Amid extensive local reporting questioning how he’s handled the issue of nursing homes during the coronavirus outbreak in New York, Gov. Andrew Cuomo admitted he wouldn’t put his own mother in one right now.

During an appearance on MSNBC, Cuomo told anchor Chuck Todd that if he had to advise a friend with an elderly parent, he’d say, “You have a vulnerable person. Best to keep them at home and not put them in a congregate facility. Keep them in a situation where you have the most control.”

He went on, saying, “That is the blunt truth. That’s what I would do with my mother.”

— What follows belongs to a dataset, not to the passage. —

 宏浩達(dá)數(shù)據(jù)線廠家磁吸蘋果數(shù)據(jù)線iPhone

“Can we keep nursing homes safe? No,” he said. “Can you keep a hospital safe? No. Can you keep any gathering safe? No. That’s why New Yorkers and Americans have to keep themselves safe. That’s the caution flag for any of this. Nursing homes, congregate facilities, senior citizens: they are the feeding ground for this virus.”

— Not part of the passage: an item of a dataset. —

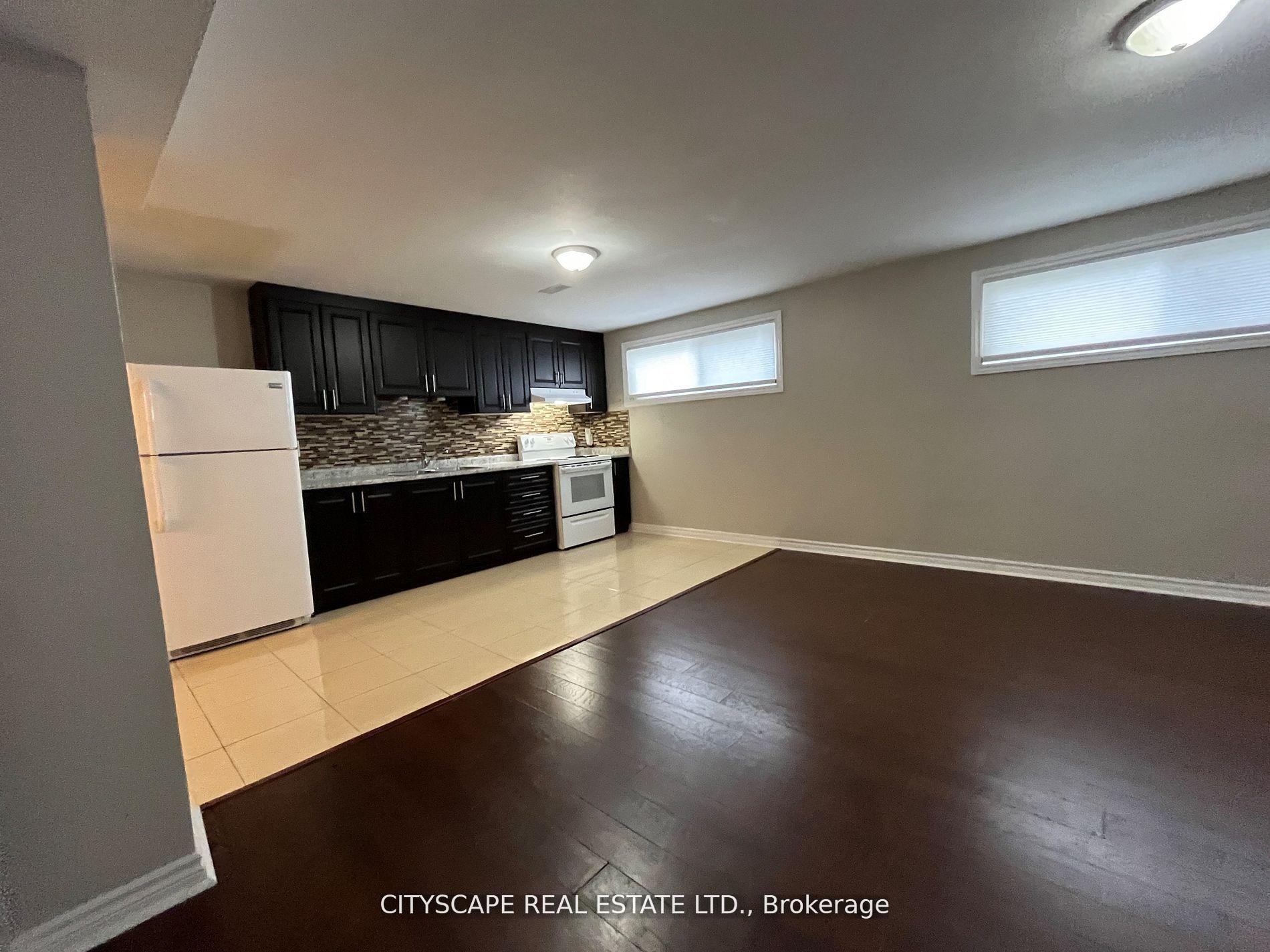 Photo 2 of Unit Bsmt, 2 Leslie Street, Brampton, Northwood Park — HOMEH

Cuomo’s mother, former New York first lady Matilda Cuomo, probably doesn’t face exactly the same hurdles with senior care facilities that the standard elderly New Yorker does. According to the New York Post, the governor’s approval fell from 71% to 63% in a recent Sienna College poll, with most respondents saying they weren’t happy with his handling of elder care facilities.

According to the paper, there are about 5,800 confirmed or suspected coronavirus cases in the state’s nursing homes. Cuomo blamed federal guidance for a controversial March directive instructing all nursing homes to readmit residents who had tested positive for the coronavirus.

That was rolled back in May and now hospitals can’t send coronavirus-positive people back to homes.